§ **Required action**: What is needed is an exact copy of the lines in the listing below, from the one with "Pendant lamp Rectilinear LED 13W L110 BRS" up to and including the one with "helpfull vocabularies and word forms", with no other lines.

§ **Data listing**:
◇ ◇ ◇

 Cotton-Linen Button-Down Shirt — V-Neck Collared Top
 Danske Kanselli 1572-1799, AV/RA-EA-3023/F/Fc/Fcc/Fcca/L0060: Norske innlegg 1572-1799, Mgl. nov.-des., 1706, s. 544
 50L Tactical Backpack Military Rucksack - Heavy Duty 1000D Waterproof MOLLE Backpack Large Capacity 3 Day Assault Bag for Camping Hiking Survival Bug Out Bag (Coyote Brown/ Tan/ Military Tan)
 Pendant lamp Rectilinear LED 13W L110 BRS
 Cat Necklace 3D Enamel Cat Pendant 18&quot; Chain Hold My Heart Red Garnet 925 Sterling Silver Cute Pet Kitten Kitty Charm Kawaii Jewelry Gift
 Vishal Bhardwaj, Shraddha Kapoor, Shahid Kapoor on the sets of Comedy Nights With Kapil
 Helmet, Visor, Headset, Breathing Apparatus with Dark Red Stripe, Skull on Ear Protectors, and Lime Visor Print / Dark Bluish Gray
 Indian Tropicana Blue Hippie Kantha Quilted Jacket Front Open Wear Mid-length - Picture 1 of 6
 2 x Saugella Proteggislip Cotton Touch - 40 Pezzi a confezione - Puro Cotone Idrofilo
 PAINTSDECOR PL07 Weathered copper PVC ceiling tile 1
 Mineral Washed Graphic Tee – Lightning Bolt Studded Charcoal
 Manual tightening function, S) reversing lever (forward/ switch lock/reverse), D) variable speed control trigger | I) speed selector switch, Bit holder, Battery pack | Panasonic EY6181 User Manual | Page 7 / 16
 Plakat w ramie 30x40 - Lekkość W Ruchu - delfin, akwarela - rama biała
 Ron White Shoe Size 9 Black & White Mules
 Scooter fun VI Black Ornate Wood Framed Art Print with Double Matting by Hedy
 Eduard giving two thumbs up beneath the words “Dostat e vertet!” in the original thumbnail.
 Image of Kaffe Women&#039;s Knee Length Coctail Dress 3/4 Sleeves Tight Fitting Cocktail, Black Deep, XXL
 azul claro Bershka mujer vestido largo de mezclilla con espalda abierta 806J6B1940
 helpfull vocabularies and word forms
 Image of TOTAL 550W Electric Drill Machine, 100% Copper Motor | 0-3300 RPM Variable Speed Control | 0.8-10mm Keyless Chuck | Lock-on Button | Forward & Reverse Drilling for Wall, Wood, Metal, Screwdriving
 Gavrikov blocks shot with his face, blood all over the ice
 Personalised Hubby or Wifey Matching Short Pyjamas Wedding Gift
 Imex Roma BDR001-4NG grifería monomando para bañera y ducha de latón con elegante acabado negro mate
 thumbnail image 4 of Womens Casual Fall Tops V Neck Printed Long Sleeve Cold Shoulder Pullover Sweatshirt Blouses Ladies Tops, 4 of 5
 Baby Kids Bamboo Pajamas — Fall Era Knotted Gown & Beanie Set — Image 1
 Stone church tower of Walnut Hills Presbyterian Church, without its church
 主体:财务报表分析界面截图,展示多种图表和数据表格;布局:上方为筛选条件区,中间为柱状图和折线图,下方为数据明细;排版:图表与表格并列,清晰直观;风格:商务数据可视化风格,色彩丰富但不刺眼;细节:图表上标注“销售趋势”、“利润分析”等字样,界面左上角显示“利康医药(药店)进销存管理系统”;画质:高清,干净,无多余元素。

◇ ◇ ◇

§ **Reply to the exercise**:
 Pendant lamp Rectilinear LED 13W L110 BRS
 Cat Necklace 3D Enamel Cat Pendant 18&quot; Chain Hold My Heart Red Garnet 925 Sterling Silver Cute Pet Kitten Kitty Charm Kawaii Jewelry Gift
 Vishal Bhardwaj, Shraddha Kapoor, Shahid Kapoor on the sets of Comedy Nights With Kapil
 Helmet, Visor, Headset, Breathing Apparatus with Dark Red Stripe, Skull on Ear Protectors, and Lime Visor Print / Dark Bluish Gray
 Indian Tropicana Blue Hippie Kantha Quilted Jacket Front Open Wear Mid-length - Picture 1 of 6
 2 x Saugella Proteggislip Cotton Touch - 40 Pezzi a confezione - Puro Cotone Idrofilo
 PAINTSDECOR PL07 Weathered copper PVC ceiling tile 1
 Mineral Washed Graphic Tee – Lightning Bolt Studded Charcoal
 Manual tightening function, S) reversing lever (forward/ switch lock/reverse), D) variable speed control trigger | I) speed selector switch, Bit holder, Battery pack | Panasonic EY6181 User Manual | Page 7 / 16
 Plakat w ramie 30x40 - Lekkość W Ruchu - delfin, akwarela - rama biała
 Ron White Shoe Size 9 Black & White Mules
 Scooter fun VI Black Ornate Wood Framed Art Print with Double Matting by Hedy
 Eduard giving two thumbs up beneath the words “Dostat e vertet!” in the original thumbnail.
 Image of Kaffe Women&#039;s Knee Length Coctail Dress 3/4 Sleeves Tight Fitting Cocktail, Black Deep, XXL
 azul claro Bershka mujer vestido largo de mezclilla con espalda abierta 806J6B1940
 helpfull vocabularies and word forms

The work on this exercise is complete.